2021 Fellow

Presented to: Mr. Daniel A. Tazartes

Citation: For sustained technological contributions in the research, development and deployment of strapdown inertial navigation systems.

Daniel A. Tazartes

Mr. Tazartes has been at the forefront of navigation technology for the past 36 years at Northrop Grumman (previously Litton), where over 50,000 systems, with technology he helped develop, have been delivered to military and commercial users.

In the 1980s, Mr. Tazartes played a key role developing Litton’s first production strapdown inertial navigation systems (INS) based on ring laser gyro (RLG) technology. He was instrumental in designing highly efficient algorithms for instrument and strapdown compensation for effects such as coning, sculling, size effect, and attitude integration. Additionally, he pioneered the use of high bandwidth computer control for RLGs, leading to significant improvement in dither performance and reduction of dither-induced errors. He helped extend the role of strapdown navigators to flight control and motion compensation applications by developing low latency, low noise data processing. With the advent of GPS in the mid-1980’s, he was an early advocate of integrating GPS into existing inertial systems using closed-loop tight coupling.
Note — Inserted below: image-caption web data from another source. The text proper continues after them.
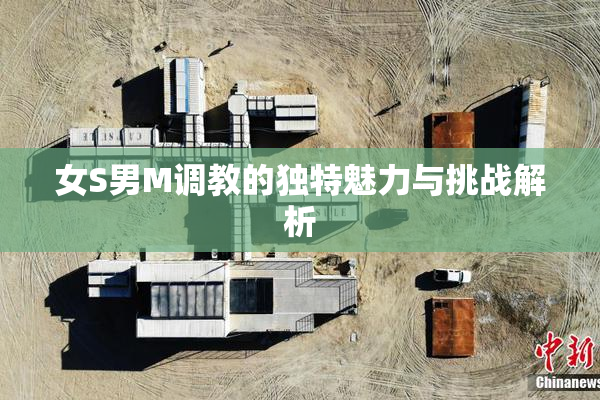 女S男M调教的独特魅力与挑战解析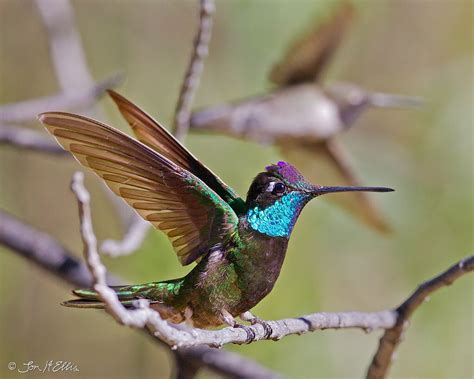 magnificent hummingbird lady bugs avian hummingbirds dragonflies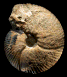 Morphoceras multiforme (M)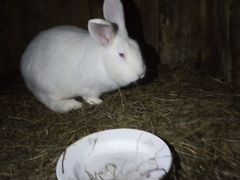Кролики белый панон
In the 1990s, Mr. Tazartes integrated the non-dithered zero-lock laser gyro into embedded GPS-inertial navigation systems. More than 10,000 of these systems have been installed in more than 40 different platform types, including commercial airliners. He contributed innovative control, compensation, calibration, and modeling techniques that achieved demanding performance requirements with a gyro half the size of its predecessor.

Mr. Tazartes then pioneered high bandwidth modulation and control of fiber optic gyros (FOG). His novel techniques permit FOGs to achieve accuracy and reliability performance figures that were previously unobtainable. In parallel, he participated in the development of novel Kalman filtering techniques involving inertial, GPS, transfer alignment, and others.

Daniel A. Tazartes is a Northrop Grumman Fellow with the company’s Mission Systems sector. He holds 67 US patents. He is a recipient of the ION’s Weems Award (2002) and the IEEE’s Aerospace and Electronics Systems Pioneer Award (2010). He holds a BS in Physics from UCLA and an MSEE from the California Institute of Technology.